We must ask ourselves what this change may say about our collective institution’s identity. Princeton is both an educational institution and a brand, and it is important to examine the ways in which it presents and markets itself. Hundreds of Princeton water bottles are purchased and discarded each day. Changing their design would have been an enormous choice. The Nassau Weekly has called upon two of its resident art historians—individuals eager to use the publication’s mouthpiece to trumpet their intellectual primacy and to exercise their hard-won powers of visual analysis of the utterly banal. Also, they had the free time.

OLD BOTTLE

Clean lines, simple geometry, and mass-produced materials: these are the hallmarks of Minimalism, an art movement that emerged in the 1960s. Artists such as Donald Judd replaced paintbrushes with welding torches, striving to create artworks that denied figurative or sentimental legibility. The resulting art object was often mildly pleasing in its boxy, symmetric simplicity.

Given this initial description, I argue that the phased-out Princeton water bottle can be seen as an archetypal example of the Minimalist art object. The materials of the water bottle emphatically announce themselves as industrial and commonplace. The clear label wrapped around the bottle’s mid-section allows the viewer to see the plastic beneath, exposing its structure and championing its very materiality.  The bright, orange lining and the rectangular label are sharp and simple. It evokes the fluorescent light sculptures of Dan Flavin, wherein three-dimensional form is rendered by the materialization of geometric, two-dimensional lines.

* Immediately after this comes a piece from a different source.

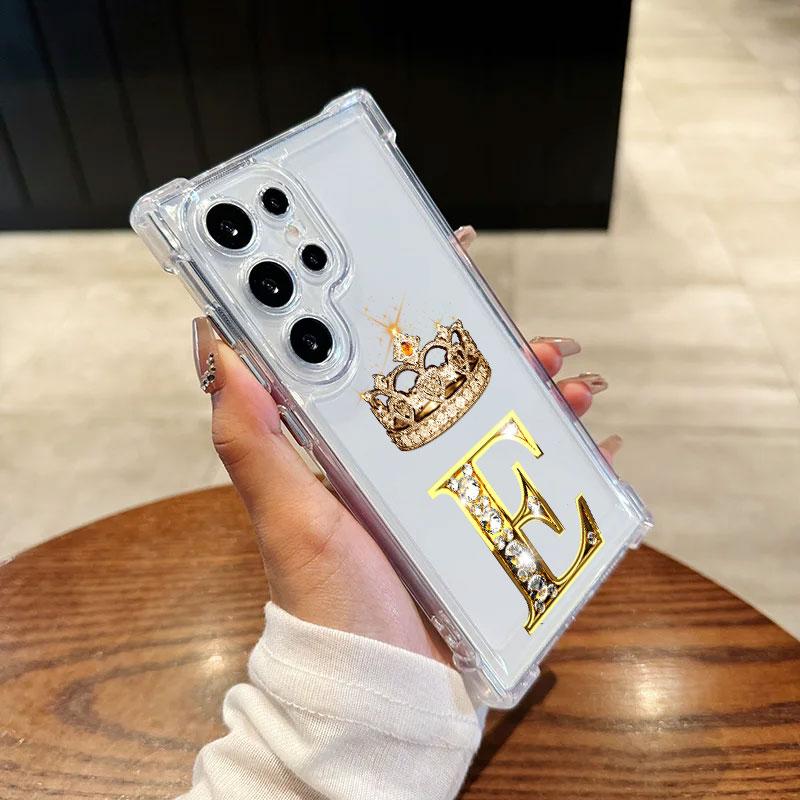 

Initial Letter E T M Z G Y Phone Case For Samsung Galaxy S25 FE S24 S23 S22 S21 Ultra S20 Plus Note 20 10 S25FE Soft Clear Cover GalaxyNote10Plus
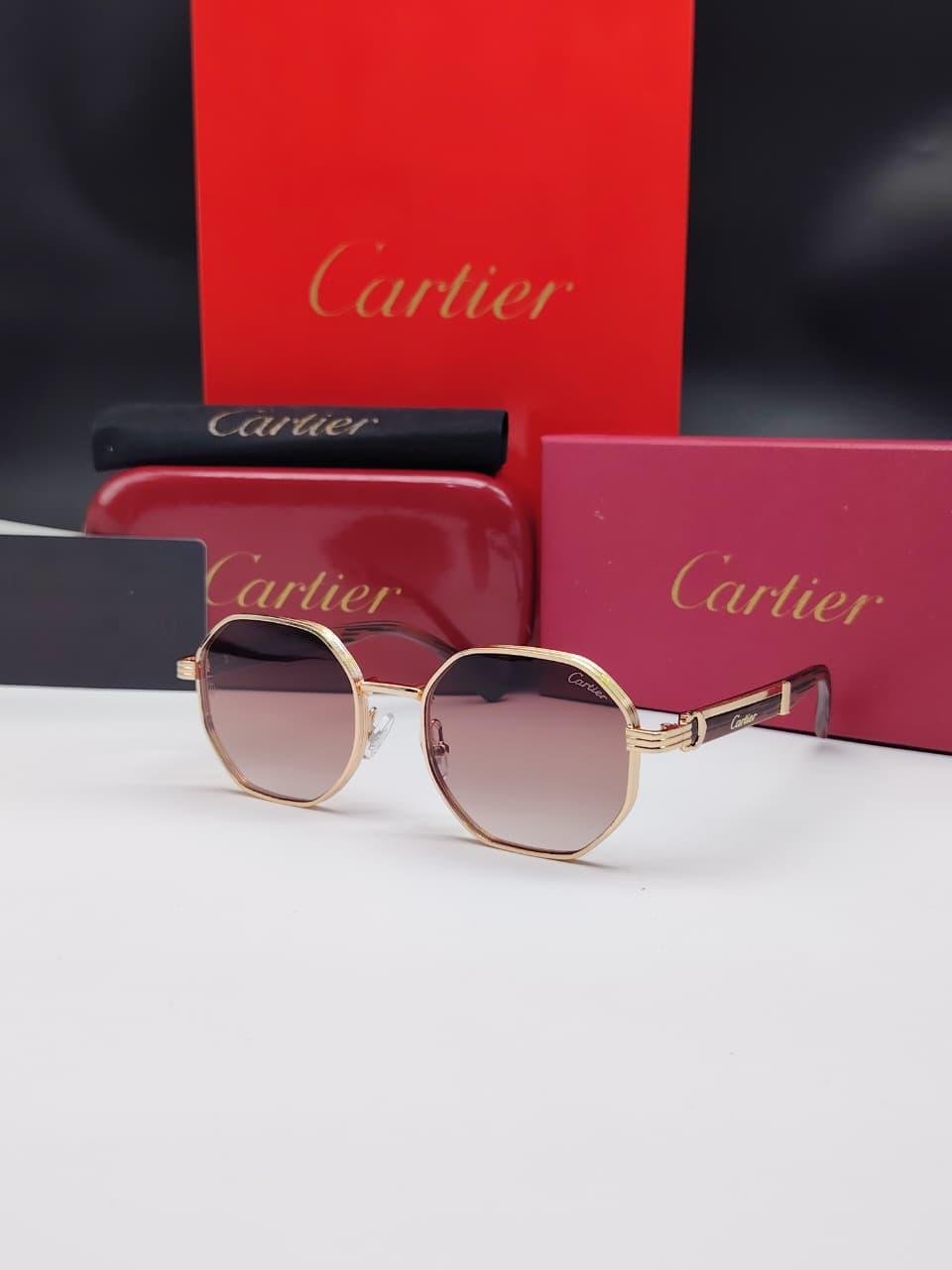 نظارات شمسية كارتييه ذهبية بإطار هندسي سداسي الشكل وعدسات بني متدرج Cartier Gold Hexagonal Brown Gradient Sunglasses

The water bottle comes in three sizes: small, medium (with sports cap) and large. This variation in size and typology corresponds with a Minimalist interest in series and repetition. A refrigerator in the C-store stacked with the now defunct water bottles is reminiscent of Judd’s field filled with concrete boxes of varying sizes in Marfa, Texas.

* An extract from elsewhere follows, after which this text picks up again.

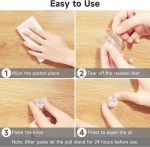 T ESSENTIALS 8 Pcs Self-Adhesive Crystal Acrylic Pull Knobs for Cabinet, Drawer, Wardrobe Hook Diamond Stickers Sticky Hook Decorative Furniture Handles for Kitchen, Bathroom, Dresser, Door (Clear) - Image 4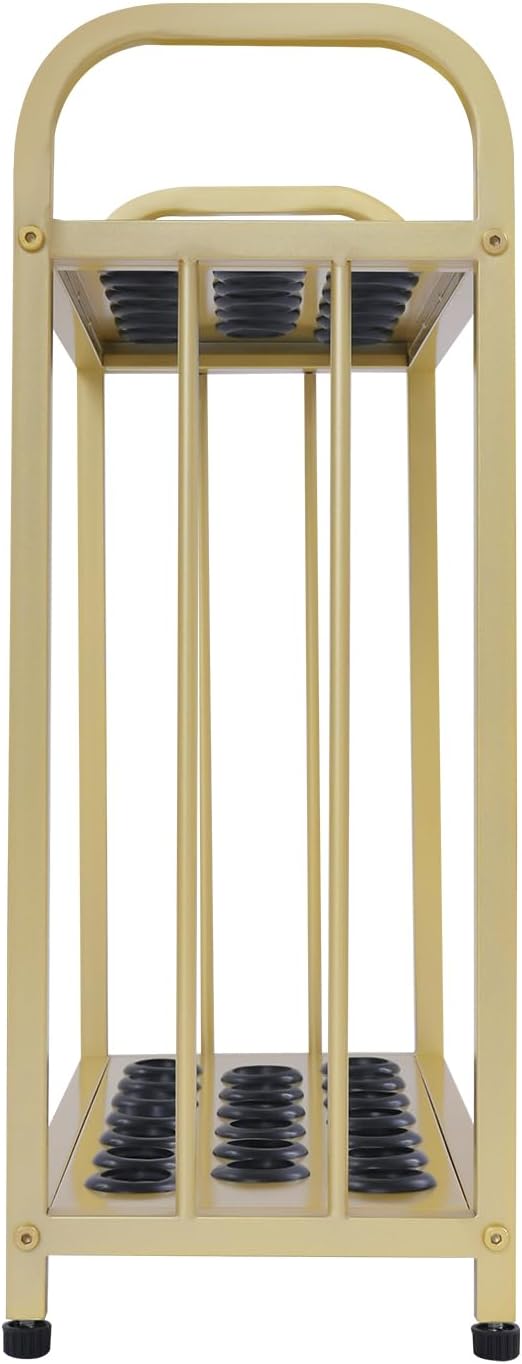 20-Hole Pool Cue Holder Carbon Steel Pool Cue Rack Gold Cue Stick Holder Pool Stick Holder Floor Stand with Adjustable Feet Pool Cue Stand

The fact that the bottles are mass-produced is also in keeping with the Minimalist ethos of reproducibility, commerciality, and artistic branding. With signature design and strong branding, a product becomes extremely marketable. Take, for instance, a Donald Judd box sold for around 2.5 million dollars at a Sotheby’s auction this fall. Despite their near identical forms, a Donald Judd is exponentially more aesthetically appealing to consumers than an air-conditioning vent because of its producer’s status. While water bottles are usually sold for about $1.50, I would not be surprised if this Princeton water bottle with its preeminent name on the label (now a rare collector’s item) sold for millions more! The ephemeral water inside the bottle hardly matters, it is secondary to the power of design. When one buys this bottle, they are becoming a part of the Princeton brand. This water may have no taste, but it is the epitome of Taste.

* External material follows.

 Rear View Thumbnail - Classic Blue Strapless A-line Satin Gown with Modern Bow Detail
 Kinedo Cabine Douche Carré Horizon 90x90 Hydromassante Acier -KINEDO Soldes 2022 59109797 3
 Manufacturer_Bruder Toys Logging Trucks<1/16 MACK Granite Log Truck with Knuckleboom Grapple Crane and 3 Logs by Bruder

The new water bottle, defended by Eliza Mott, can perhaps be viewed as a product of a more recent trend in art: postmodernism. Most postmodern artists reject the simplicity and notions of formal “perfection” associated with Minimalism, in favor of a return to illusion and figuration. It is often quoted that modernist titan Ludwig Mies van der Rohe wrote “less is more,” championing minimal design, while Robert Venturi (whose design firm remodeled the hub of stimuli that is Frist Campus Center) argued, “less is a bore.” In fact, Venturi may be right: the new water bottle certainly is not boring. The photographic sticker of Nassau Hall pasted on the back of the bottle is intriguing. The photo appears stretched to fit the dimensions of the bottle: the façade of the building is pulled vertically, the windows gaping long and narrow. The anxious viewer asks if the image itself is distorted or if it is the refraction of the water that disfigures the iconic building. The writing on the back, detailing the number of students and faculty, seems misplaced on a water bottle (better for an academic brochure, I think) and simply adds to a sense of clutter.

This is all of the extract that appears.